Deu um chute, de leve, nas pernas da mulher.

Ela grunhiu.

– Levanta, mulher. Tô com fome.

Era mentira que ela não fazia “porra nenhuma”, como ele espalhava aos quatro ventos nas dezenas de bares que freqüentava, todos ali na região. Dorotéia cozinhava bem pra burro. E mantinha uma rotina, com a intenção de agradar o marido por quem tinha – eis a verdade que o sujeito jamais reconhecera – verdadeira adoração: assistia a todos os programas de culinária ao longo da manhã e da tarde a fim de escolher o cardápio do marido, que almoçava e jantava em casa todo santo dia.

Ela grunhiu de novo.

Sobre a mesa ele viu o caderno de receitas mantido pela mulher – um deles – e os ingredientes do suflê de bacalhau que, foi o que ele imaginou, seria feito para o jantar. Foi à cozinha, mandou o louro calar-se – tinham um louro – e viu, sobre a pia, a peça de bacalhau dessalgando. Ficou com a boca cheia d´água. Espiou pela porta, a mulher na mesma posição.

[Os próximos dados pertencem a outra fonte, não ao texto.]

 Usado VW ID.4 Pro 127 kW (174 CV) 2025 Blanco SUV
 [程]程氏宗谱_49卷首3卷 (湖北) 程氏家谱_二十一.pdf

– Chamo ou não chamo a ambulância, louro? – em tom de blague.

O louro, mudo.

Pôs o dedo indicador na água e lambeu o dedo. Pensou no quanto de ódio sentia pela vida modorrenta que levava. Transtornou-se, e nem ele mesmo entendia o porquê de sua inércia diante do corpo inerte da mulher. Foi ao quarto dos fundos. Pegou um do cabides de arame, dos antigos, antes da aquisição das centenas de cabides plásticos, mais modernos, para o próprio negócio. Foi à sala. Olhou bem nos olhos da mulher, abertos, e ela arfava e gemia o nome do marido provocando nele uma sensação inacreditável, entre o prazer e o medo, entre o ódio e a piedade, entre o trauma e a superação. Enforcou a mulher com o arame do cabide e a viu enrubescendo, esbugalhando os olhos, mordendo a própria língua, que foi inchando, e deu tantas voltas no arame do cabide que sentiu ficar por um fio o ato de cortar-lhe o pescoço. Dorotéia morta.

Foi ao quarto. Tirou o pijama e escolher a melhor roupa. Vestido, procurou na gaveta a fotografia que mantinha guardada, de seus pais. Sempre ouvira do pai:

– Tua mãe que escolheu teu nome, Ascânio.

Sentou-se no sofá diante do corpo da mulher. Ficou ali, uns bons minutos, olhando para os pais. Rasgou a fotografia ao meio, a mãe separada do pai depois do gesto do filho. Fez um cone com a metade que trazia o pai. Enterrou a fotografia, enrolada, na boca babada da mulher morta. Achou graça. Gargalhou.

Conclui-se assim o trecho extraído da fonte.